→ Material for this task

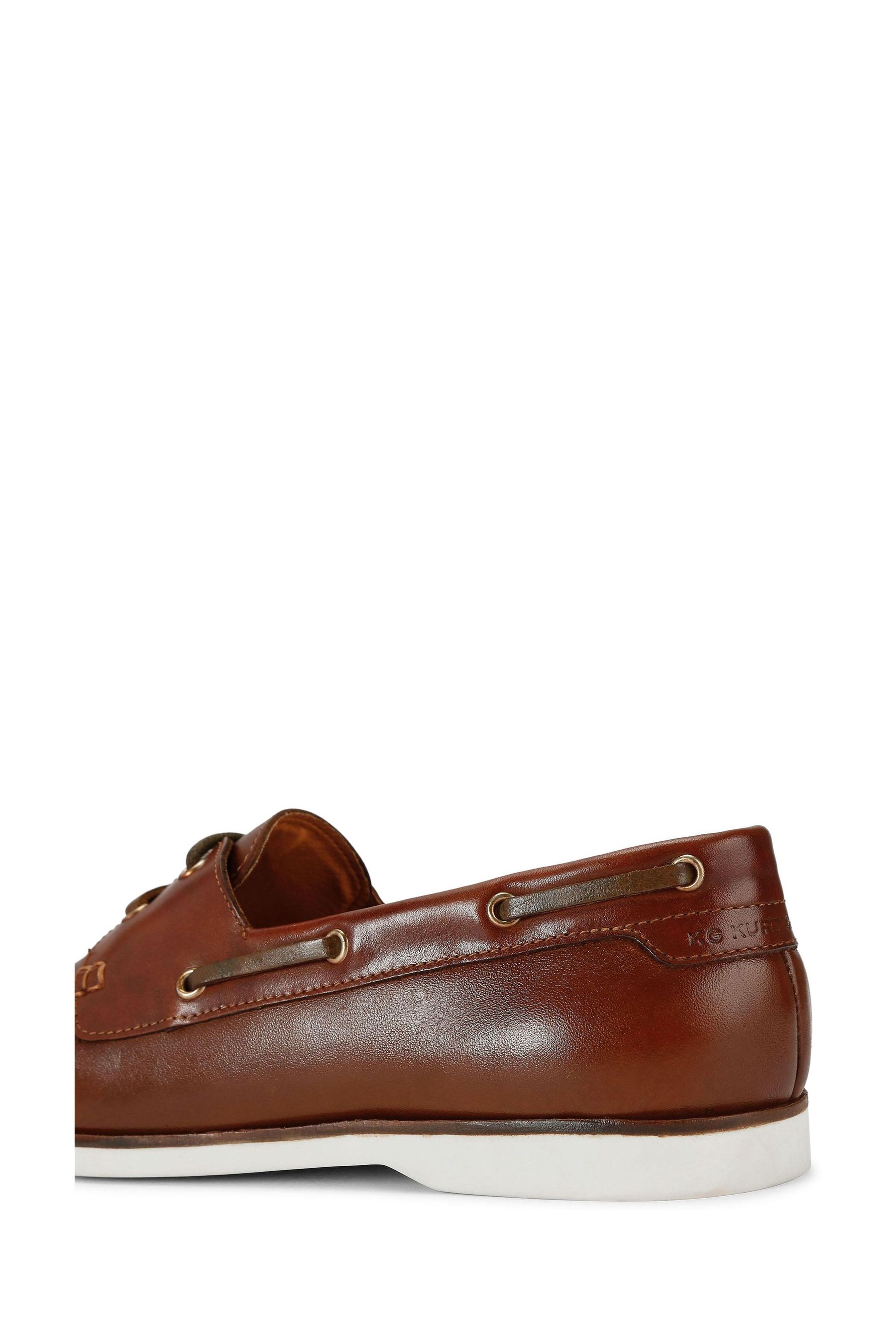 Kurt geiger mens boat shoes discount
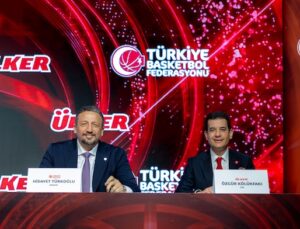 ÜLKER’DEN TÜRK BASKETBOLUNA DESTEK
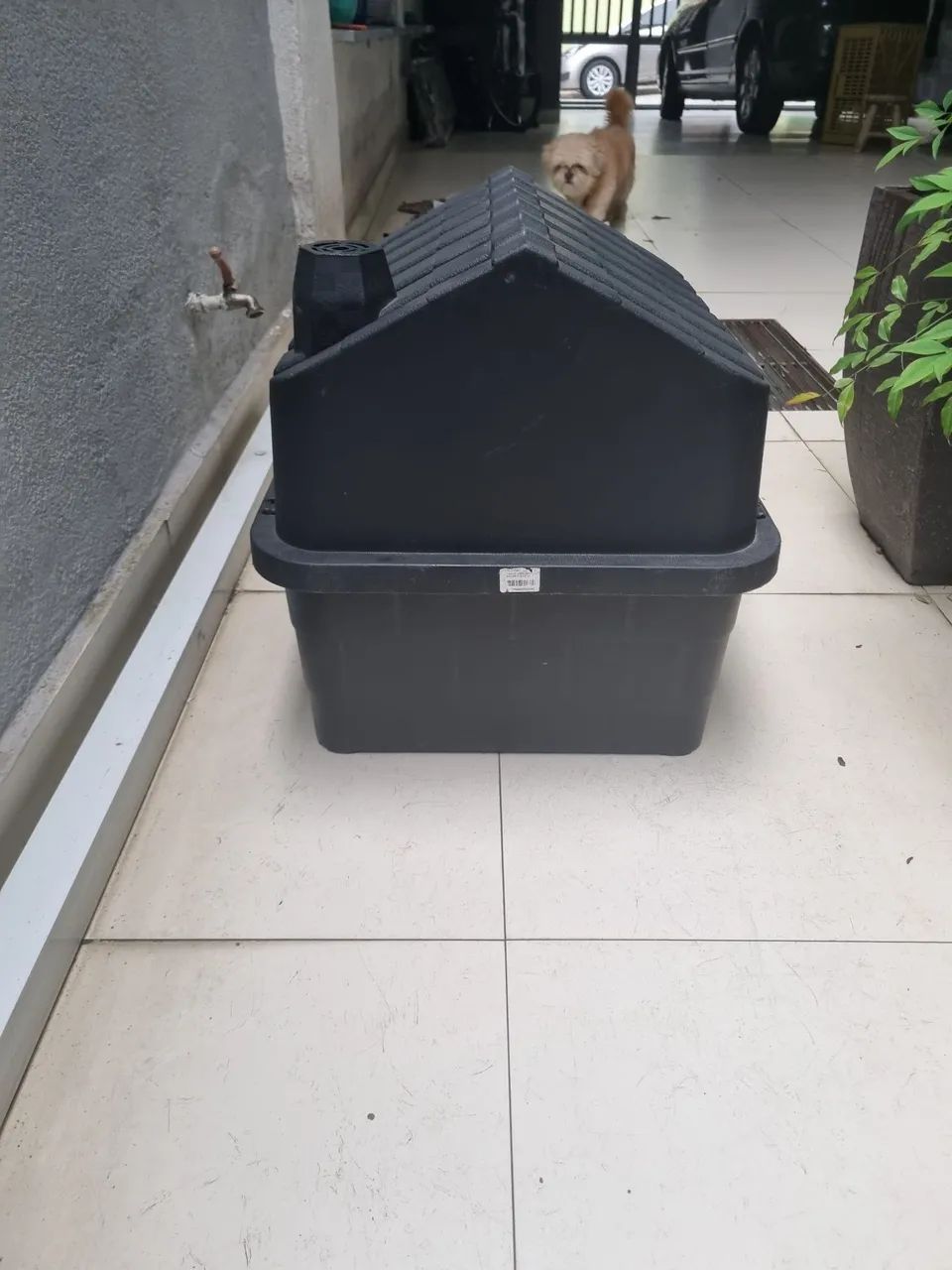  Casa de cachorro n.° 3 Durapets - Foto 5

---

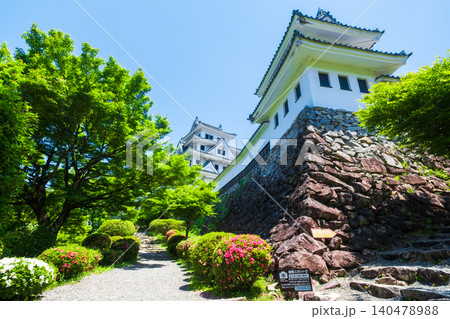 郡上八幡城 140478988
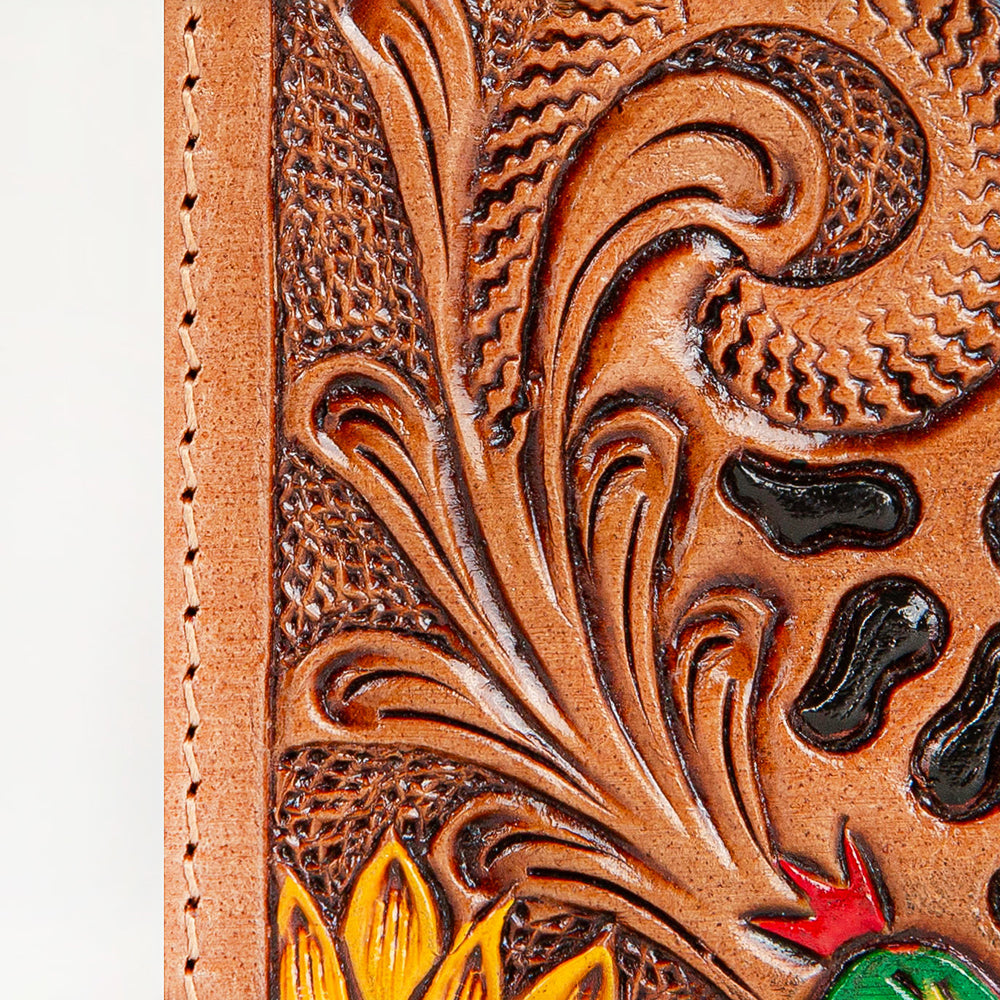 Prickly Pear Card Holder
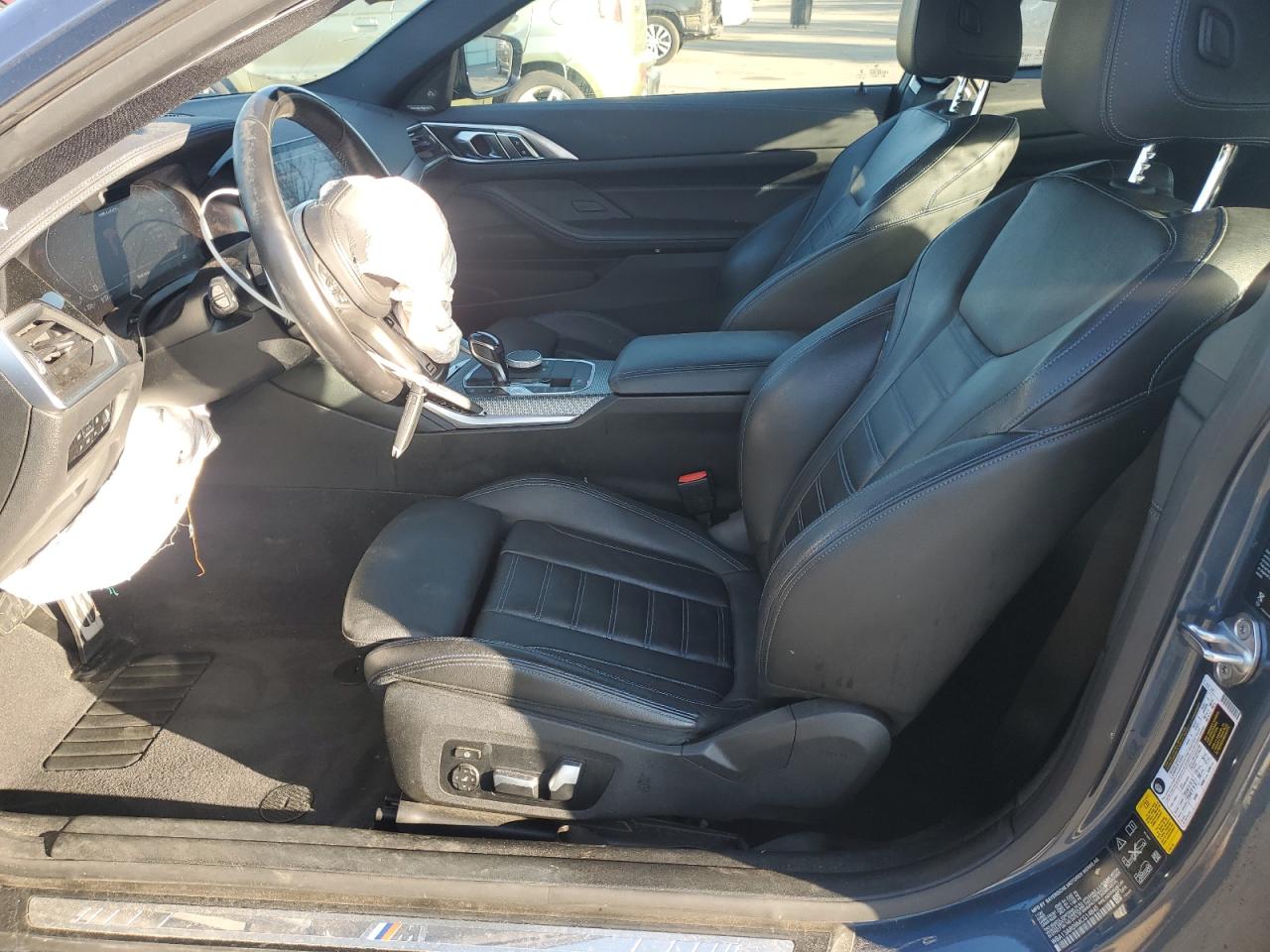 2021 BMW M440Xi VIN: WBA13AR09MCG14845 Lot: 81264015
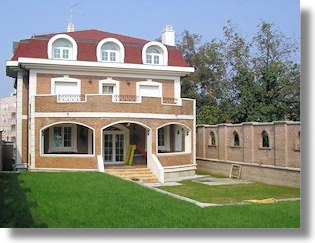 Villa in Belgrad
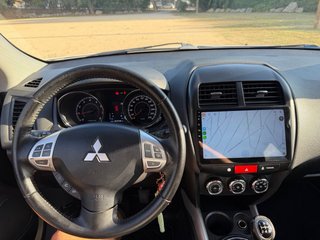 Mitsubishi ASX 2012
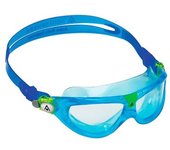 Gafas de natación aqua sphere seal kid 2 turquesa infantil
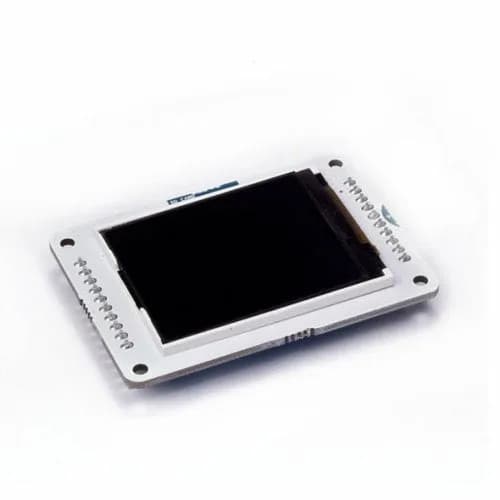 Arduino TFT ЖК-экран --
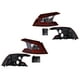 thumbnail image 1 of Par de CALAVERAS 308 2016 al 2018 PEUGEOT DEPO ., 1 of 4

→ Requirement
Would you copy out, exactly and with no pictures, only the lines above from the one that contains "郡上八幡城 140478988" through the one that contains "thumbnail image 1"?

→ Task answer
 郡上八幡城 140478988
 Prickly Pear Card Holder
 2021 BMW M440Xi VIN: WBA13AR09MCG14845 Lot: 81264015
 Villa in Belgrad
 Mitsubishi ASX 2012
 Gafas de natación aqua sphere seal kid 2 turquesa infantil
 Arduino TFT ЖК-экран --
 thumbnail image 1 of Par de CALAVERAS 308 2016 al 2018 PEUGEOT DEPO ., 1 of 4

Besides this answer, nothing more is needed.